Analysis from a buoyant vagabond, searching for a cause:

(Disclaimer) Mr. Palahniuk will forever be carved into my Mount Rushmore of authors. I’ll follow him into whatever filthy, disgusting, revolting, foul hole he digs, and shovel the slime and bile on top of me, encasing me in a vomit, stomach-turning grave. It was he, who sparked a love for reading with Fight Club and Choke in my High School days, and I will forever be grateful.
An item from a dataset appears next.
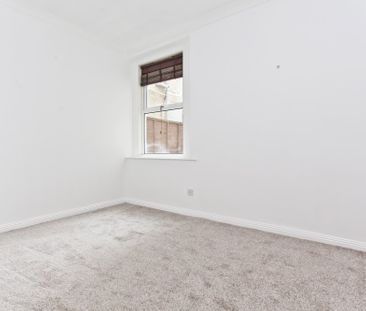 1 bed flat to rent in R L Stevenson Avenue, Bournemouth, BH4 - Photo 5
Now for his latest offering, Beautiful You. Chuck always dives deep into research for whatever story he crafts. At times, such as this, he makes it painfully clear he knows every cranny of knowledge there is to know about whatever fitting (or at times ill-fitting) topic he touches. Chuck drowns you in aphrodisiacs and sex acts, at times droning on so long the most incredible turn boring. I’m on board through the setup, mirroring a paperback novel with Fabio on the cover and, at times, directly mimicking the Fifty Shades of Grey universe. The characters are interesting, and as Chuck has done in the past, he begins with a flash-forward (?) and then flashes back (I was never great with time travel.) This entices you to find out how everything can elevate so high and digress so low for all those unfortunate victims spawning out of Chuck Palahniuk’s sick imagination. The end doesn’t quite live up to the building surge of ridiculousness, but Chuck, I’ll always love you.

Analysis from an owl coffee mug hoarding spinster:

What the holy hell did I just read? Far be it from me to question the brilliant mind of Chuck Palahniuk, but I’m left scratching my head, and to be entirely transparent, crossing my legs! Beautiful You was easily the most researched and beautifully written $5 smut romance novel I’ve come across. I assume no one picks up one of Chuck’s works on a whim, and therefore you expect a certain degree of focused insanity going into the book. Yet, it never quite delivers the “that fucking brilliant bastard” moment you crave and have become accustomed to in his writing. I wouldn’t recommend this book to anyone as it took me a great deal of time to get through it myself. I felt oddly aroused by truly grotesque things, and that’s not a warm fuzzy feeling I want to share with my peers. Honestly, the ending was probably the only part of the book that I enjoyed, but more for the sheer stupidity of it all. I felt like the recipient of the old “this is the worst thing I’ve ever tasted…try some” gag. It’s as if Chuck set out to write a book just to fuck with us all and at the end feel validated that he could write anything and his adoring followers would devour it like the mana from heaven his words usually are to a twisted audience. Still, I can’t give it a 1 or even a 3 because he’s so fucking good at whatever he does. I might not have enjoyed it, but I’ll never forget it. That witch’s floor dragging pubes will never leave my mind’s eye. Never. Well played, Mr. Palahniuk. Well played.